The FIFA Council unanimously decided in favour of expanding the FIFA World Cup™ to a 48-team competition as of the 2026 edition: an exciting split in 16 groups of three teams, with an additional knockout round.
The decision to expand the format of the FIFA World Cup™ was taken based on a report that took into account such factors as sporting balance, competition quality, impact on football development, infrastructure, projections on financial position and the consequences for event delivery.
The number of participants is consistent with the evolution of football’s global showpiece – for which qualification will remain more selective than any of the continental tournaments. It will mean more participation, more opportunities for footballers around the whole world and more excitement on the pitch.
During its meeting on 9 May 2017, the FIFA Council agreed on the slot allocation for the FIFA World Cup™ as of the 2026 edition. The distribution accounts for 46 direct slots, as set out in the diagram above, and an intercontinental play-off tournament to determine the two remaining slots.

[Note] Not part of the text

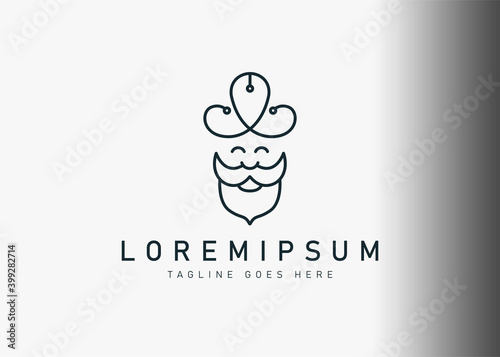 Tech guru logo design. Vector illustration of guru with turban. Modern logo design with line art icon style.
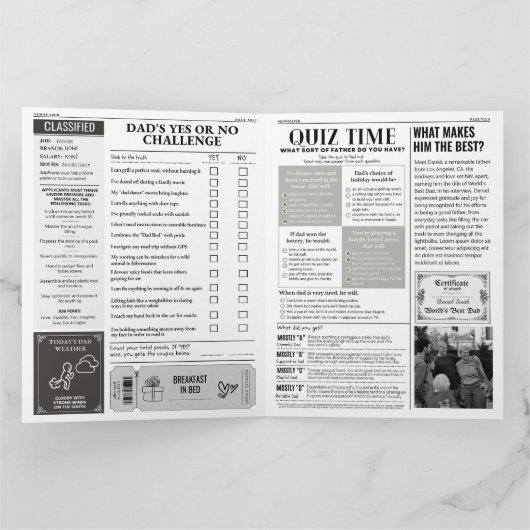 父ユニークの日記新聞挨拶状 カード (内部)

Play-off tournament for two remaining slots
Under the current FIFA World Cup slot allocation, four confederations – the AFC, Concacaf, CONMEBOL and the OFC – are entitled to a so-called ”half-slot”. This means that one team from each of these confederations takes part in an intercontinental play-off – played in a two-legged home-and-away format and the winners of which qualify for the World Cup. This will change as of the 2026 edition, for which one single play-off tournament involving six teams will decide the last two World Cup berths:
- One team per confederation (with the exception of UEFA) + one additional team from the confederation of the host country;
- Two teams to be seeded based on the FIFA/Coca-Cola World Ranking. The seeded teams will play for a World Cup berth against the winners of the first two knockout games involving the four unseeded teams.